Women of the OT: Rachel & Leah


If we think family life can be a complicated affair in these times, the Old Testament can always seem to go one better. The story of Leah and Rachel is a complex tale of sisterhood, displaying a kaleidoscope of emotions, sandwiched between the more brotherly tales of Esau and Jacob and Joseph and his brothers. Often, it is simply seen as a tale of rivalry and bitterness between two women, but it is not so simple. It is one of love and resentment; jealousy and deception; loyalty and betrayal. Much more lies behind the tale than one would think at first glance.

We meet Rachel and Leah following the journey of Jacob to Haran. Jacob had followed the instructions of his mother, Rebekah, to leave the family and go to the house of her brother Laban, as a result of Jacob’s deception of Esau, his brother, and the disquiet that followed upon it. Arriving in Haran, Jacob first met Rachel at a well, and immediately fell in love with her. After a month working for her father, Jacob asked for Rachel’s hand, and this was agreed providing Jacob worked for Laban for a period of seven years. This he did, and then asked for his wife. Jacob, the deceiver of Esau, then became the deceived. With the complicity of the sisters, Laban substituted Leah for Rachel at the wedding ceremony. Leah was Rachel’s elder sister, and though Rachel loved Jacob very much, she did not frustrate the deception. When the morning after the wedding came, Jacob realised he had been deceived and confronted Laban. Laban claimed that though it was a deception it was justified, as Leah was his eldest, and pledged Rachel as a second wife if only Jacob would remain in his service for another seven years. This was agreed and after a week Jacob married Rachel and worked on for Laban.

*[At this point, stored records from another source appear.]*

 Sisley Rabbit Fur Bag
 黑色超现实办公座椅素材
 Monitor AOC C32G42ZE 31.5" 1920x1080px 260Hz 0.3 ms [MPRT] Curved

Jacob’s love for Rachel was all too evident, and Leah felt betrayed by God but determined to win the love of her husband. God ‘opened Leah’s womb’ and she bore Jacob four son’s in succession; Reuben, Simeon, Levi and Judah. Rachel could not conceive, and in her jealousy, she gave her handmaid, Bilhah, to Jacob as a surrogate, and Bilhah bore Dan and Naphtali. Leah then did likewise, giving her handmaid Zilpah, who gave birth to Gad and Asher. Leah then became fertile again and gave birth to Issachar, Zebulun, and Dinah, Jacob's first and only daughter. Only after many years without fertility did God grant Rachel two sons, Joseph and Benjamin – the latter would be the cause of her death in childbirth on the road back to Canaan. Of all the children, Rachel's son Joseph was Jacob’s favourite, and destined to be the leader of Israel's tribes between exile and nationhood.

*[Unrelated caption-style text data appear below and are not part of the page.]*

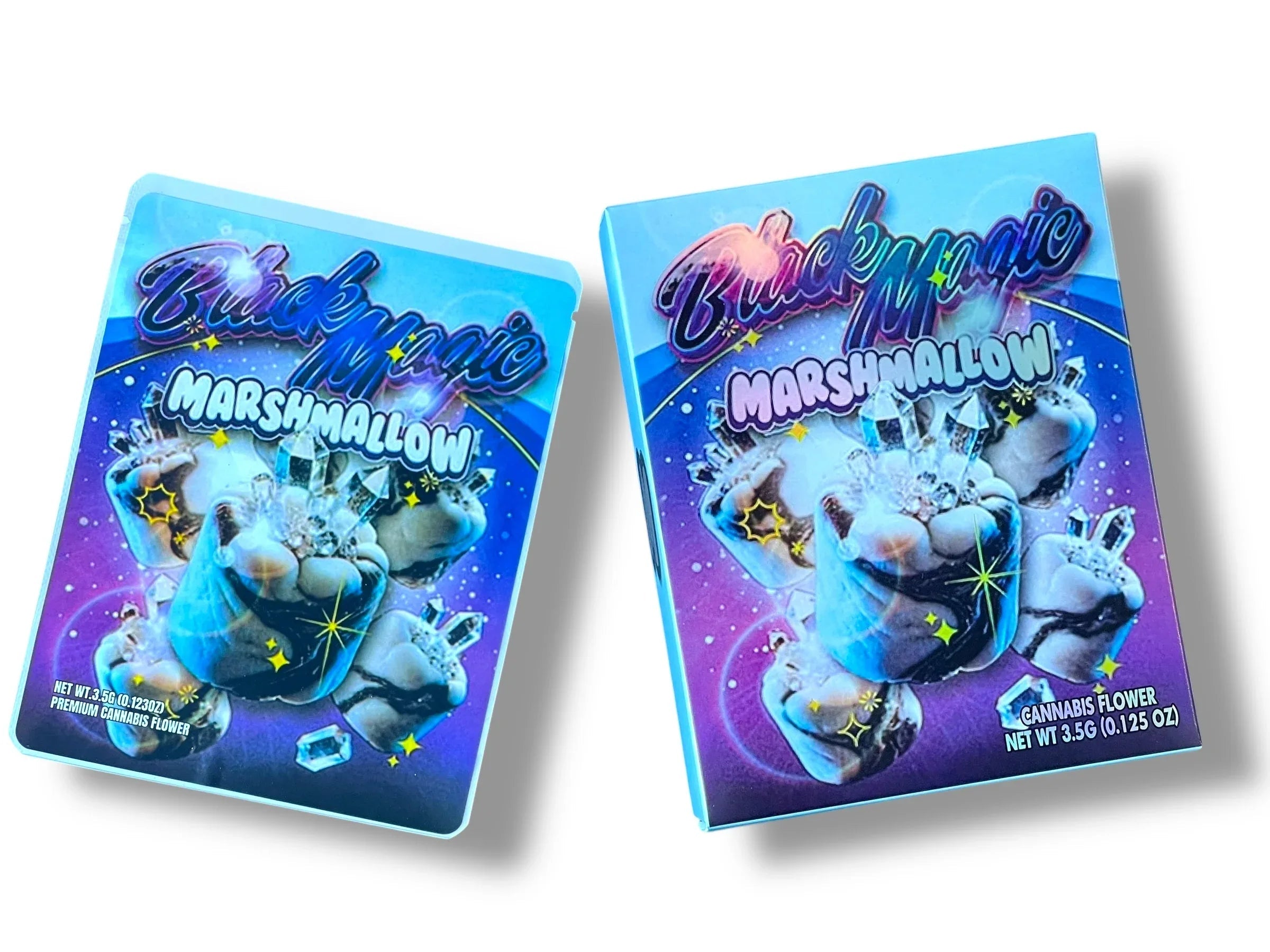 Sprinklez Black Magic Marshmallow Mylar Bags with Boxes 3.5g Box Packaging With stickers and label - Black Unicorn Hub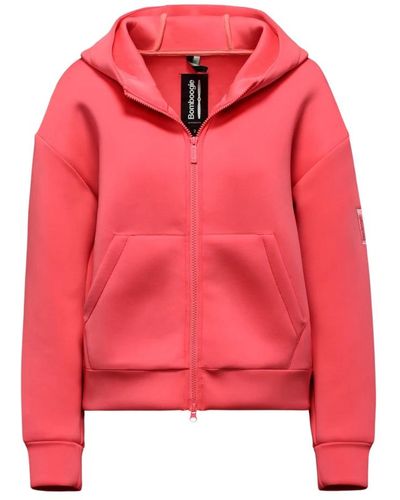 Bomboogie Sweatshirts & hoodies > zip-throughs - Rouge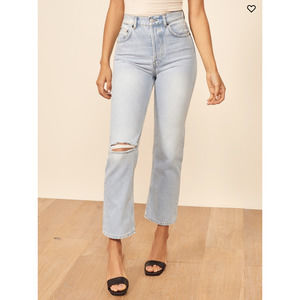 NWT Reformation Cynthia High Straight Crop Jeans
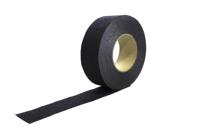 762-1506 RS PRO Black Polypropylene 18.3m Hazard Tape, 1.05mm Thickness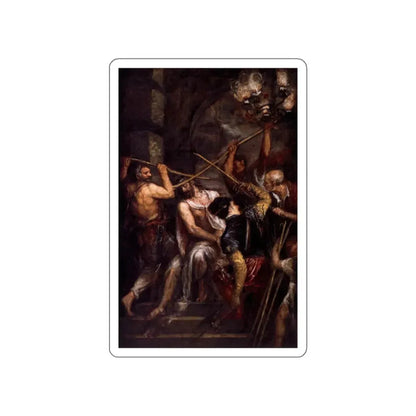TIZIANO Vecellio - Crowning with Thorns (Artwork) STICKER Vinyl Die-Cut Decal White Die-Cut 4 Inch - The Sticker Space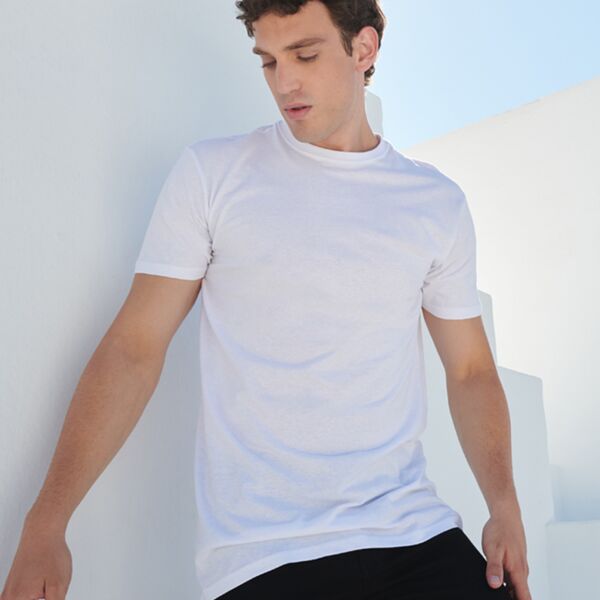 SF Clothing Longline Dipped Hem T-Shirt Thumbnail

Though much evidently passed between the two sisters, a closer reading of the text shows more depth and subtlety in the relationship than might be immediately apparent. Each sister, though bearing their share of frustrations and disappointments remain loyal to Jacob and each other.  Jacob involves them both in the decisions on their future, such as the return to Canaan, and each shows an eagerness to grow in spiritual matters and draw closer to God. It is easy to dismiss the sisters’ eagerness to bear Jacob sons as mere rivalry, but that would be to judge too harshly. Both wanted the love of their husband, not to the exclusion of each other; both wanted to secure his love and the future of their people through their offspring; both were prepared to help each other in doing so and thus aimed at drawing closer to God in matters spiritual and in securing the future of Israel.  To present a clear-cut analysis of the Rachel and Leah’s motivations and intentions throughout their lives could easily be misleading; to do so would miss the point that God is working through all the confusion and turmoil we may often associate with family life.

1 comment:

  1. I have always thought that the Old Testament's description of family in all its messiness and passion was far more useful than the way the Holy Family has been portrayed in Catholicism, as a holy card of unreal virtue: a virginal mother, a celibate foster father and a divine-human child.